Monday, April 10, 2006

Data Mining Kills the User Agent String

FACT: Your website is raw material for the Internet data mining industrial machine.

Much like the California Gold Rush there's a lot of free money on the table and everyone is scrambling to grab their share on the Internet. This time instead of sifting thru rocks looking for gold nuggets they're using bots instead of shovels and crawling websites instead of standing in a creek. The purpose of all this web crawling is to sift out information from a variety of websites looking for gold nuggets of content that will help get free money in the form of internet advertising. Everyone wants a share of the free money and your website could contain just the right couple of nuggets of gold that the Internet claim jumpers need to succeed.

Simplistic filtering of the User Agent string to block these claim jumping bots has definitely become obsolete because most undesirable bots already don't identify themselves as anything unique and try to hide their presence as the prize is too big to let a webmaster stop them. Don't think this behavior is limited to simple content thieves trying to capitalize on your hard work with AdSense as there are several corporations that I've caught in my snare and probably a bunch more lurking behind IPs that don't expose them with a simple reverse DNS lookup.

What kind of data mining happens on your site?

  • Search Engines
  • Data Aggregators
  • Web Copiers/Offline Readers
  • Copyright Compliance
  • Branding Compliance
  • Corporate Security Monitoring
  • Media Monitoring (mp3, mpeg, etc.)
  • Link Checkers
  • Privacy Checkers
  • Content Scrapers (pure theft)
  • so on and so forth

Other than search engines which provide a valuable service bringing you traffic, many of these so-called services are just one-way bandwidth hogs that not only earn money off your back but you get to pay for the privelege!

Not all of the aforementioned services try to hide who they are and the more legit ones still check robots.txt and present a user agent string so you can opt-out (don't get me started) of their service. However, as the free money flows on the internet so does the desire not to get caught and stopped such as the spy services and scrapers.

More and more crawlers daily are pretending to be users than admit what they truly are to permit the webmaster to stop them, and that trend seems to be growing rapidly as the stakes are higher.
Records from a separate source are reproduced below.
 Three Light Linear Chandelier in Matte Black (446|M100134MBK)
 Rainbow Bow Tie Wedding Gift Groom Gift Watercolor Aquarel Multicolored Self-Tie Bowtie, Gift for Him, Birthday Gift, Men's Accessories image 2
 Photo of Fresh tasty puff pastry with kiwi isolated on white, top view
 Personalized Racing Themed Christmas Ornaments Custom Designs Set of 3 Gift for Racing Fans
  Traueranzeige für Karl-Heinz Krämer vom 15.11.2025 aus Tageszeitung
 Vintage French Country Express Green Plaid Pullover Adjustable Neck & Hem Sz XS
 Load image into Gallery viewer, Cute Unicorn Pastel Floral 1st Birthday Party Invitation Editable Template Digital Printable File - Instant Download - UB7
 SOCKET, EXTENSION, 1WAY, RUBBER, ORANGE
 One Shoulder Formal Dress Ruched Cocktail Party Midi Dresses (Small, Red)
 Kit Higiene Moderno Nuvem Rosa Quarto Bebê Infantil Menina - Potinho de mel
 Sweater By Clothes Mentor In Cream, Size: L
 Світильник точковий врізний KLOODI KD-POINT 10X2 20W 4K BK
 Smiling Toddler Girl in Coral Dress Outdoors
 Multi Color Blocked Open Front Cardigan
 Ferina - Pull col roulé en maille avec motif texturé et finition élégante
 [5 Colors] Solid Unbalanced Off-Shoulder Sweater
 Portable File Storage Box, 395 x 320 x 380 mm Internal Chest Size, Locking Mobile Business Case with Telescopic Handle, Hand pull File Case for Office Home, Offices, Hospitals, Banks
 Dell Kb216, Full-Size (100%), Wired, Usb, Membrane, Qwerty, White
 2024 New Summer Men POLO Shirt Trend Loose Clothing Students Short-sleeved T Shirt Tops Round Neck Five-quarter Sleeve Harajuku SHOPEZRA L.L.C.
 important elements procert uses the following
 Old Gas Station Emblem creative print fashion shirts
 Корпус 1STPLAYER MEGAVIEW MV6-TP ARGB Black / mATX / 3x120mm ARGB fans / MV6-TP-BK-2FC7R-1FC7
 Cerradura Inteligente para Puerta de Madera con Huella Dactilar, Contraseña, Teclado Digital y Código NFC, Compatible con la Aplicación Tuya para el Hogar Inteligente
Use robots.txt and .htaccess while you can but you're only stopping the good guys as everything else has gone underground and there doesn't appear to be any reversal of that trend anytime soon.

2 comments:

T.J. said...

Hi,
Not really a comment, but I would be interested to here your views on webaroo. There is a thread about it in the Usenet newsgroup alt.www.webmaster and I thought you might be iterested in what is being said there.
Title of thread in the newsgroup is, " Another site sucker rears its hideous head"

IncrediBILL said...

If you've read enough of by blog you would know the types of things Webaroo are doing would put them on top of my shitlist.

I wouldn't mind so much if they asked permission, but like everyone else, they feel entitled to do whatever they want with your content which is the wrong approach.

Hopefully, we'll be doing something about changing this mentality in the near future when people will have to BEG to crawl sites.